Under the terms of the contract, the contractor will be responsible for providing the facility and operational services, including management, food service, security, personnel and equipment. ICE will offer three five-year option periods beyond the first contract based on performance.
ICE officials expect to award a five-year contract in July 2010. Phase I includes an environmental assessment of any proposed site and required permits.
The new facility is part of a federal initiative to overhaul the immigration detention system. As reported in Correctional News (see the Sept./Oct 2009 issue), the comprehensive overhaul is designed to update the system’s orientation from a correctional setting to civil setting with improved facility conditions and oversight. The plan is also designed to phase out ICE’s dependence on local jail space through the construction of purpose-built, centralized detention facilities.
Additionally, ICE is working to modernize detention centers with more space, transportation resources and staff. Enhancements include video teleconferencing equipment for immigration hearings, working groups to for identifying and locating criminal aliens, and case and detainee management systems.
The implementation of the Secure Communities program, a fingerprint identification initiative to screen suspected illegal immigrants serving sentences in local jails, has identified large numbers of alien offenders and increased the need for immigration detention capacity.
The Secure Communities program, which has been deployed at more than 30,000 local jails in 95 jurisdictions and 11 states across the country, has identified more than 111,000 criminal aliens since the establishment of the program in 2008.
Of the criminal aliens detained, about 10 percent have been classified as having Level 1 convictions, which include murder, rape and kidnapping.
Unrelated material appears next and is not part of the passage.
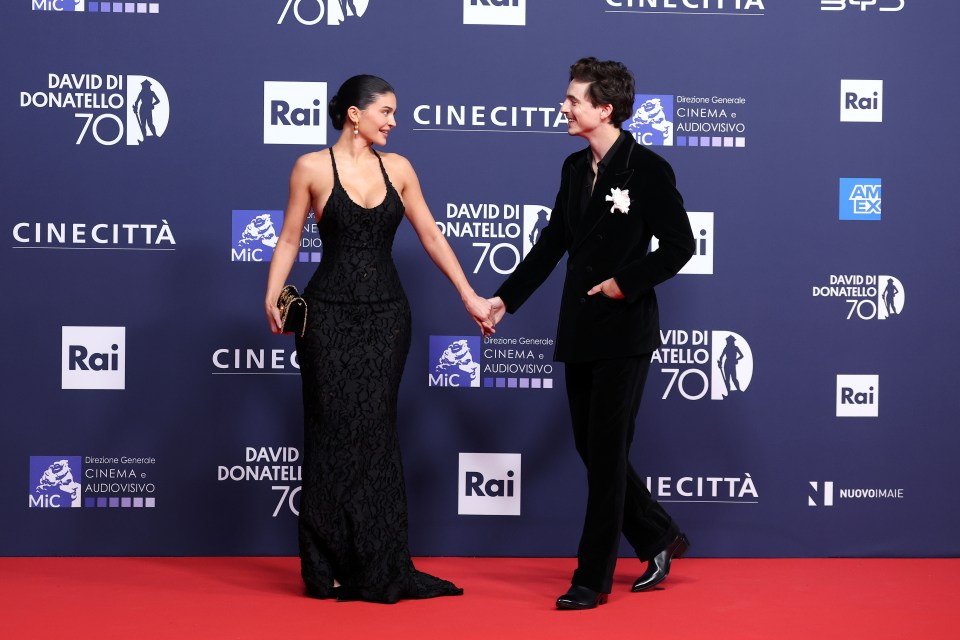 Kylie Jenner and Timothée Chalamet at the 70th David di Donatello awards.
More than 16,500 of those identified through the Secure Communities program have been removed from the United States, including 1,900 aliens convicted of Level 1 offenses.
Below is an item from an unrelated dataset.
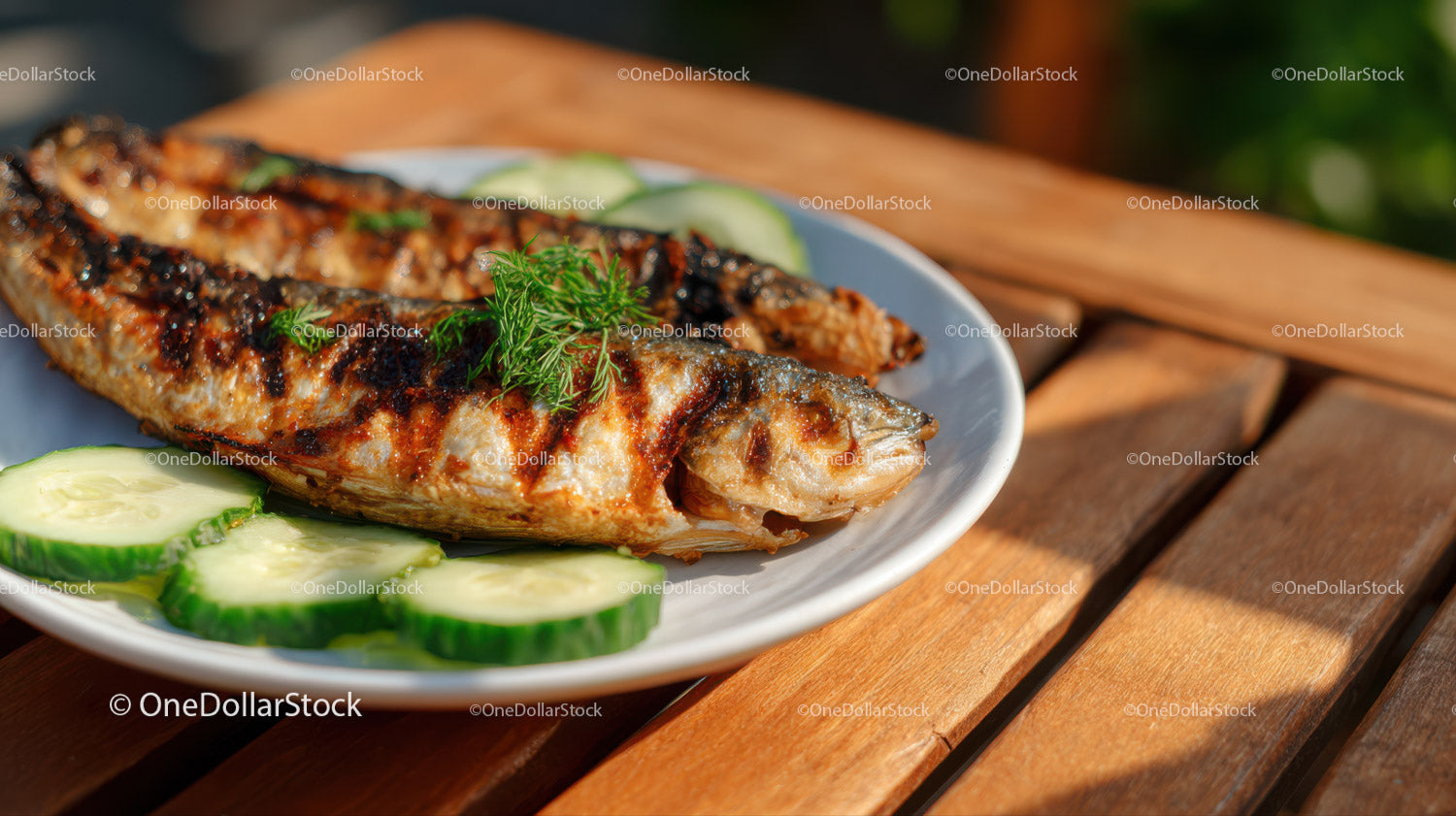 Grilled Fish with Cucumber Slices and Herb Garnish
Officials check each suspected illegal immigrant’s finger scan against DHS biometrics-based immigration records and FBI databases, allowing ICE agents to move quickly if a detainee has a criminal background.
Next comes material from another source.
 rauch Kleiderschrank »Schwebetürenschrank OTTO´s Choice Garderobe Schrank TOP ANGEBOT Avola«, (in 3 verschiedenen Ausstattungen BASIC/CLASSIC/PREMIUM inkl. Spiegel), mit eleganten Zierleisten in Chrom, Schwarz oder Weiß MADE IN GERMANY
The program will be in use in every state by 2011 and available to every state and local law enforcement agency in the country by 2013, officials say.
Secure Communities works largely through interoperability between DHS’ US-VISIT, a system of biometric identifiers at U.S. ports of entry, and the FBI’s Criminal Justice Information Services Division.
In related news, the U.S. Border Patrol is moving forward with plans to construct a new station to replace the agency’s existing facility in Boulevard, Calif.
The proposed station would not significantly impact the environment or have a major effect on noise or traffic in the surrounding area, according to an environmental assessment report conducted by the U.S. Army Corps of Engineers.
The new station, which is situated two miles north of the Mexican border, will be designed to house about 250 agents. The facility will incorporate detention housing, an administration building, a helipad, a 160-foot communications tower, an indoor shooting range, kennels and a maintenance garage.
Construction is scheduled to begin in June 2010 and could be completed by September 2012.